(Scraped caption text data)
Content starts

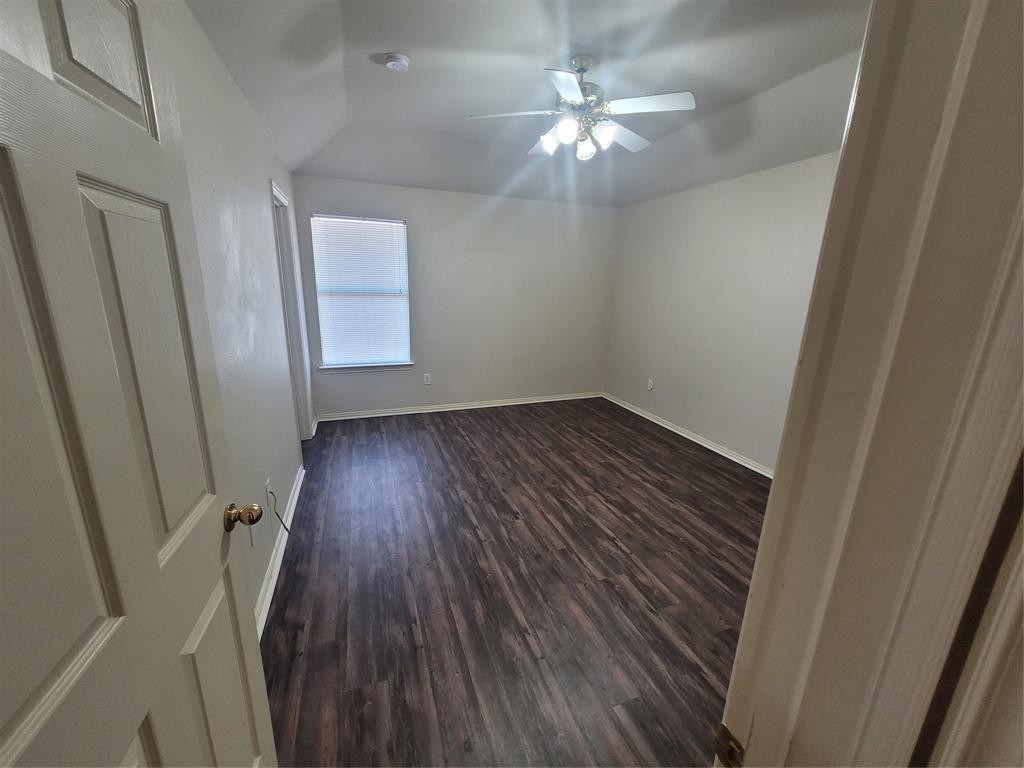 244 Wyndham Meadows Way Wylie, TX 75098 - Photo 8 of 12 a view of a room with wooden floor and staircase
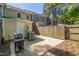 Private outdoor patio with fence, grill and view of the townhome exterior at 1316 Garden Crest Cir, Raleigh, NC 27609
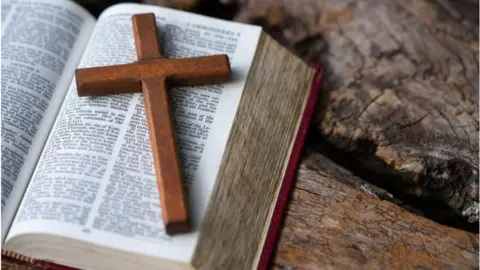 Getty Images An open Bible with a wooden cross on it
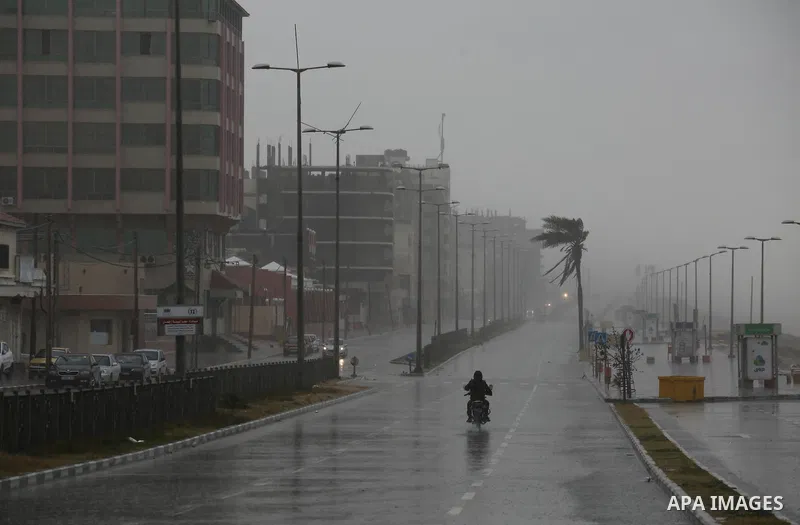 A Palestinian man rids a motorcycle in a street flooded by rain water in Gaza City, January 24, 2016. Photo by Mohammed Asad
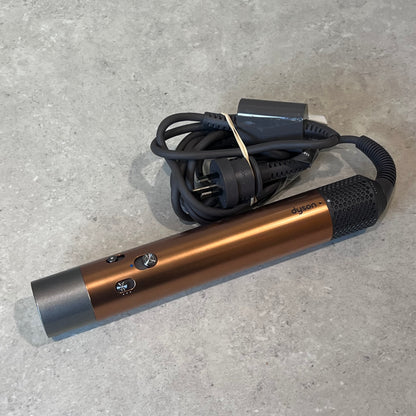 Dyson Airwrap main unit with attached power cord close-up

Content ends

**PROBLEM DESCRIPTION**:
Output the span from the line with "Getty Images An" through the last line of the data, inclusive and exact, and omit every picture.

**TASK RESPONSE**:
 Getty Images An open Bible with a wooden cross on it
 A Palestinian man rids a motorcycle in a street flooded by rain water in Gaza City, January 24, 2016. Photo by Mohammed Asad
 Dyson Airwrap main unit with attached power cord close-up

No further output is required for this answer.